Romuald Hausser

Personal information
- Nationality: Switzerland
- Born: 16 April 1988 (age 38) Geneva, Switzerland
- Height: 1.85 m (6 ft 1 in)
- Weight: 71 kg (157 lb)

Sailing career
- Sport: Sailing
- Club: Club Nautique de Versoix
- Coached by: Nicolas Novara
- Class: Dinghy

= Romuald Hausser =

Swiss sailor (born 1988)

Romuald Hausser (born 16 April 1988 in Geneva) is a Swiss sailor, who specialized in two-person dinghy (470) class. He represented Switzerland, along with his partner Yannick Brauchli, at the 2012 Summer Olympics, and has also been training for Versoix Nautical Club (Club Nautique de Versoix) throughout most of his sporting career under his personal coach Nicolas Novara. As of September 2014, Hausser is ranked sixteenth in the world for two-person dinghy class by the International Sailing Federation, following his successes at the North American Championships, European Championships and ISAF Sailing World Cup Series.

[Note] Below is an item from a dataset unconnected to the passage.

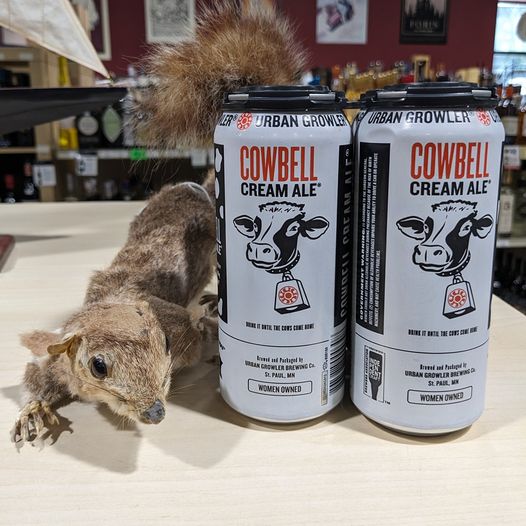 Urban Growler Brewing Company put out a super tasty cream ale with Cowbell Cream Ale. So good you can drink it until the cows come home! <a href="/UrbanGrowlerMN/">Urban Growler Brewing Company</a> Shop Local!
GlenLakeWS.com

Hausser qualified as a crew member for the Swiss squad in the men's 470 class at the 2012 Summer Olympics in London by placing twenty-sixth at the ISAF World Championships in Perth, Western Australia. Teaming with skipper Yannick Brauchli in the opening series, the Swiss duo recorded a score of 119 net points to establish a sixteenth-place finish in a fleet of twenty-seven boats.

The pair also competed at the 2016 Summer Olympics, finishing in 9th place.